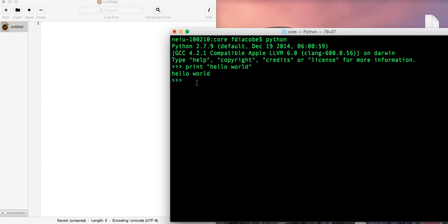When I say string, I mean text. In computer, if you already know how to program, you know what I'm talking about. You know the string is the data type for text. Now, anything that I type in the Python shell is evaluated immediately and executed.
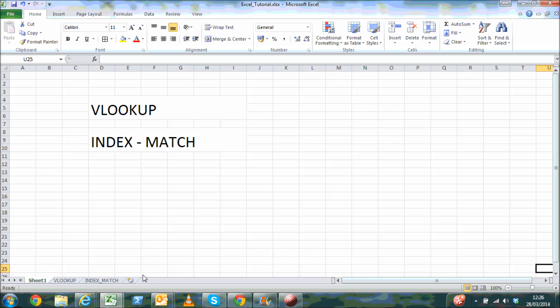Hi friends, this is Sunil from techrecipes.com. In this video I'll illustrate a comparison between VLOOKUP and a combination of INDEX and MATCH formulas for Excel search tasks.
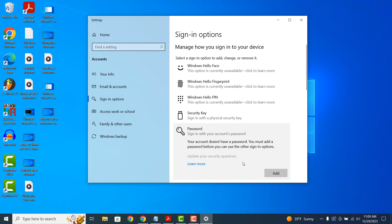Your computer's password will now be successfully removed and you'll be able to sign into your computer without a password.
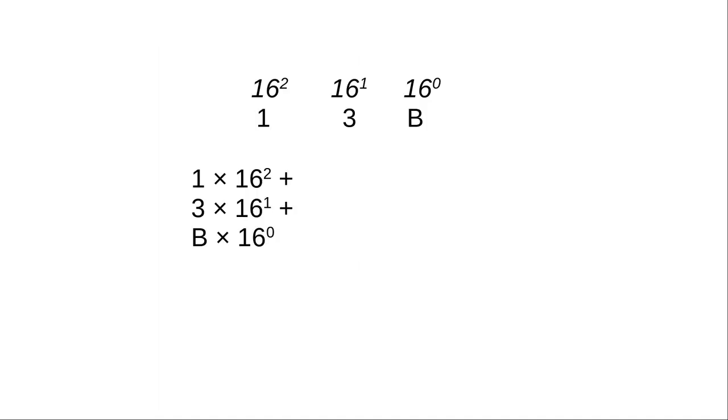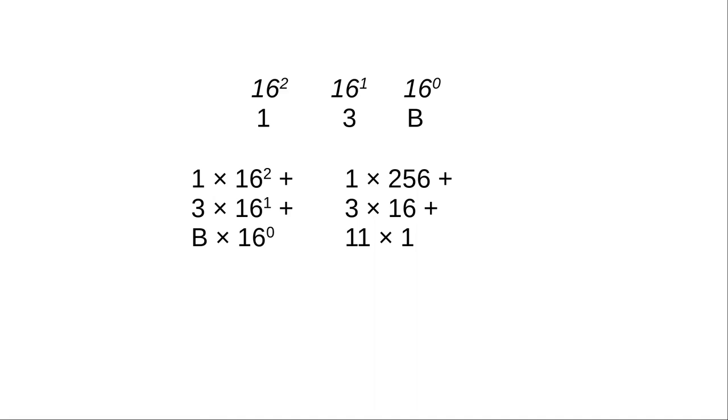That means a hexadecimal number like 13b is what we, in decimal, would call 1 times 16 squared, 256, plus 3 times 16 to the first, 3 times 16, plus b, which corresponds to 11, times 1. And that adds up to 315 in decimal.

--

■ Directions
Exactly as given, transcribe every line of the data, but not its images.

■ Exercise answer
When I say string, I mean text. In computer, if you already know how to program, you know what I'm talking about. You know the string is the data type for text. Now, anything that I type in the Python shell is evaluated immediately and executed.
Hi friends, this is Sunil from techrecipes.com. In this video I'll illustrate a comparison between VLOOKUP and a combination of INDEX and MATCH formulas for Excel search tasks.
Your computer's password will now be successfully removed and you'll be able to sign into your computer without a password.
That means a hexadecimal number like 13b is what we, in decimal, would call 1 times 16 squared, 256, plus 3 times 16 to the first, 3 times 16, plus b, which corresponds to 11, times 1. And that adds up to 315 in decimal.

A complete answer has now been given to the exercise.